Le rapport trimestriel de l’Autorité de Régulation des Communications électroniques et des Postes (ARCEP)‑Togo montre que seulement 1 % des téléphones actifs dans le pays sont compatibles 5G. Pour contextualiser, 39 % des appareils sont en 4G, 16 % en 3G et 44 % en 2G. Cela met en lumière la lente progression technologique chez les utilisateurs togolais. La pénétration mobile est élevée (le nombre de connections mobiles s’élève à 7,53 millions en début 2025, soit environ 78,2 % de la population). Cependant, la grande majorité de ces connexions ne disposent pas de smartphones compatibles 5G, ce qui limite l’impact potentiel de la prochaine génération de réseau.
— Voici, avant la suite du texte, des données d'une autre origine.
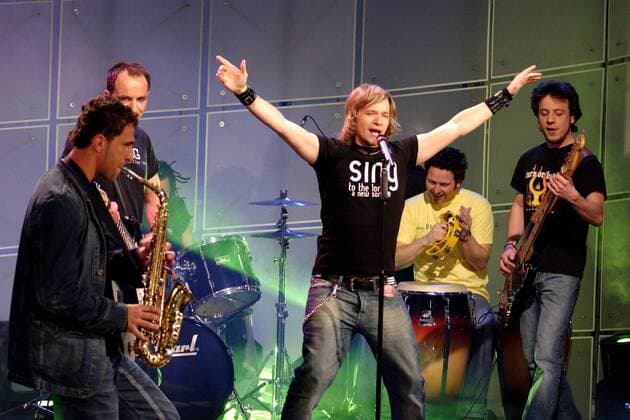 Hobbysaxophonist Marcelo Jose Bordon (Schalke, li.) begleitet die Band - Allee der Kosmonauten - im ZDF Sportstudio Fußball 1. BL Herren ZDF Sportstudio 2005, Sendung, Fernsehsendung, Sportsendung, FC Schalke 04, Vdig, Gruppe Mainz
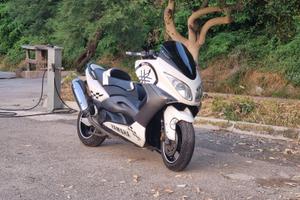 T Max 500 2011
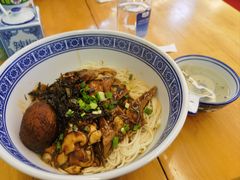 -沪西老弄堂面馆(定西路店)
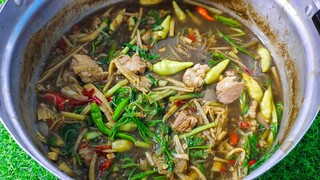 แกงหน่อไม้แบบบ้านๆ ใส่หมู ใส่ผักแขยง ยอดชะอม ใบแมงลักผักบ้านๆหอมๆ สไตล์ | ครัวบ้านๆ Channel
Le marché des smartphones compatibles se heurte à des obstacles concrets. Le coût des équipements est élevé par rapport aux revenus moyens des ménages togolais, cités dans le texte à environ 70 000 FCFA mensuels, ce qui exclut une large partie de la population de la 5G. De plus, le marché « gris » des terminaux non identifiés explose : l’ARCEP indique un taux de terminaux non homologués de 66 % au deuxième trimestre 2025 (après 60,9 % au premier trimestre). Cette proportion montre l’ampleur du défi de l’homologation et de la qualité des équipements. S’y ajoute le fait que beaucoup d’opérateurs mobiles, notamment YAS Togo et Moov Africa Togo, concentrent encore leurs investissements sur la 4G (abonnés 4G : progression de 38 % en 2024 et de 10 % au premier trimestre 2025, avec près de 2,9 millions d’utilisateurs). Cette mise en perspective indique que la 5G reste marginale.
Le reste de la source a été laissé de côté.